Some defense analysts say other advances could include new ways to control electronic emissions, so bombers can spoof enemy radar and disguise themselves as an object. other bodies, while also using new propulsion technologies.
“The visibility is extremely low,” said Warden. “You’ll hear it, but you really won’t see it.”
Six Raiders are in production. The Air Force plans to build 100 aircraft that can deploy nuclear weapons or conventional bombs and can be used with or without crew. Both the Air Force and Northrop also point to the Raider’s relatively rapid growth: The bomber went from contract award to launch in seven years. Other new fighter and ship programs have taken decades.
The cost of the bomber is unknown. The Air Force had previously put an average price of $550 million each in 2010 dollars — about $753 million today — but it’s unclear how much was actually spent. The total will depend on how many bombers the Pentagon buys.
“We’ll soon be flying this aircraft, testing it, and then putting it into production. And we’re going to build up the bomber force in numbers that are appropriate for the strategic environment ahead,” Austin said. .
Undisclosed costs trouble government watchdogs.
Dan Grazier, a senior defense policy fellow at the Government Oversight Project, said: “It can be a big challenge for us to do the conventional analysis of such a large program. this. “It’s easy to say that the B-21 is still on schedule before it actually flies. Because it’s only when one of these programs goes into the actual testing phase that real problems are discovered. ” That’s when schedules start to slip and costs go up, he said.
The B-2 was also envisioned as a fleet of more than 100, but the Air Force only built 21 due to cost overruns and the changing security environment following the collapse of the Soviet Union. Fewer than that are ready to fly on any given day due to the substantial maintenance needs of aging bombers.

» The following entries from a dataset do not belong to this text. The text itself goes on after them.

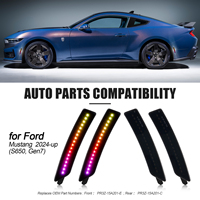 For Ford Mustang 2024-up Front Rear Parking Position Fender Turn Signal Lights LED RGB App Controlled Sequential 12V Wholesale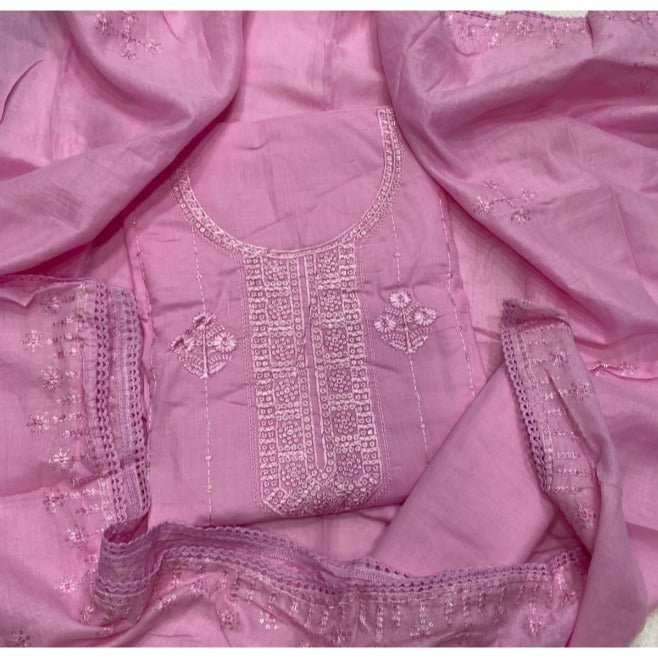 Premium Chikankari Pure Cotton Suit Set - Yanchi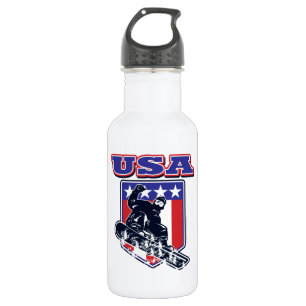 USA Snowboarding Edelstahlflasche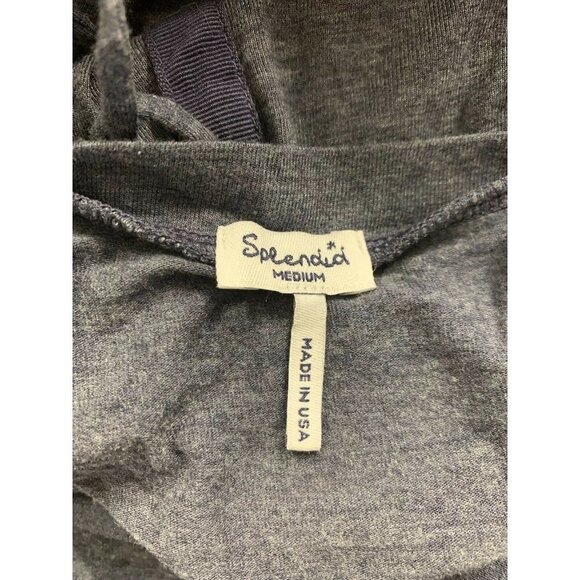 Splendid Medium Hi Lo Blouse Tie Back Detail - Picture 7 of 8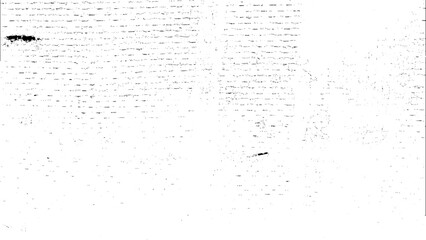 Abstract dirty or scratch aging effect. Dusty and grungy scratch texture material or surface. Black grainy texture isolated on white background.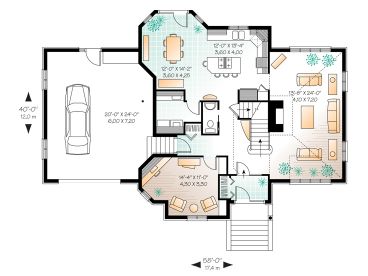 1st Floor Plan, 027H-0175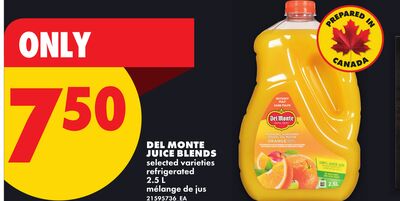 DEL MONTE JUICE BLENDS, 2 L
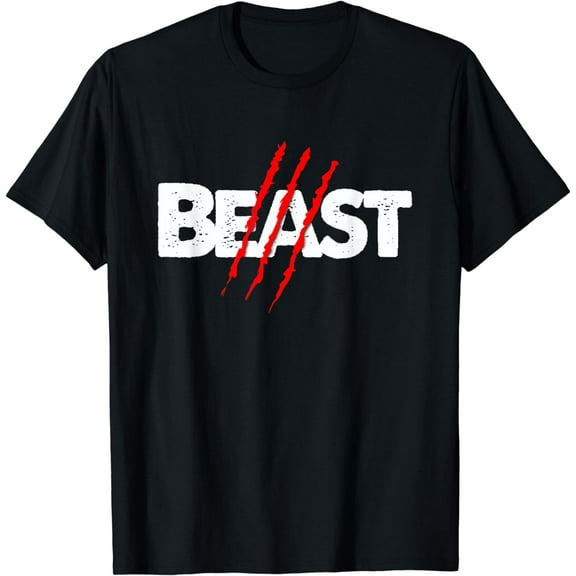 Beast Scratch Funny Creative Graphic T-Shirt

Warden said the B-21 Raider, which takes its name from the Doolittle Raid on Tokyo in 1942, would be slightly smaller than the B-2 to increase range, Warden said. It won’t make its first flight until 2023. However, Warden said Northrop Grumman used advanced computers to test the bomber’s performance using a digital replica, a virtual copy of the one published Friday.
Ellsworth Air Force Base in South Dakota will host the bomber’s first squadron and training program, though bombers are also expected to be stationed at bases in Texas and Missouri.

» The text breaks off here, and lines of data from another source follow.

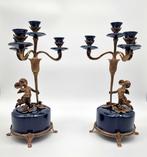 Chandelier (2) - Bronze, Porcelaine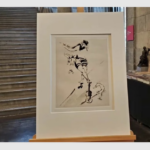 gravură, chagall
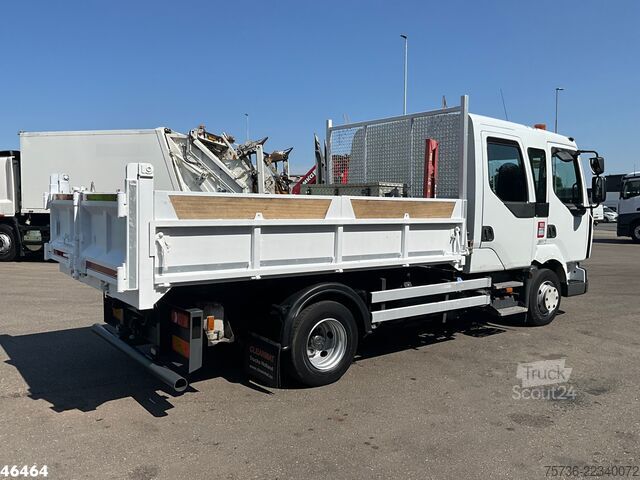 Camion-benne avec grue Renault Midlum 180 HMF laadkraan Just 135.435 km!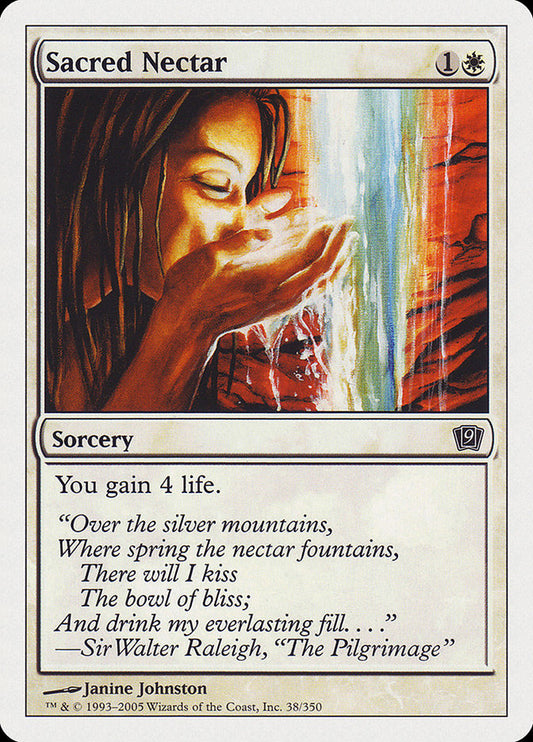 Sacred Nectar [Ninth Edition] [Foil]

US Senator Mike Rounds, a Republican from South Dakota, led the state’s bid to host the bomber program. In a statement, he called it “the most advanced weapon system ever developed by our country to protect ourselves and our allies.”
Northrop Grumman has also incorporated maintenance lessons learned from the B-2, Warden said.
In October 2001, B-2 pilots set a record by flying for 44 hours to drop the first bombs on Afghanistan after the 9/11 attacks. The B-2 often performs long round-trip missions because there are few hangars globally that can accommodate its wingspan, which limits where it can land for maintenance. The hangars also had to be air-conditioned because Spirit’s windows wouldn’t open and the hot climate could damage the electronics in the cockpit.
Warden says the new Raider will also feature new hangars to match its size and complexity.
With the Raider’s extended range, however, “it won’t need to be in a theater,” says Austin. “It wouldn’t need logistical support to keep any targets at risk.”
One last notable difference is in the first launch. While both made their public debut in Palmdale, the B-2 was released to the open air in 1988 to much public interest. With advances in surveillance satellites and cameras, the Raider is only partially exposed, keeping its propulsion system and sensitive sensors under the hangar and protected from eyes above.
“The magic of the platform,” Warden said, “is what you don’t see.”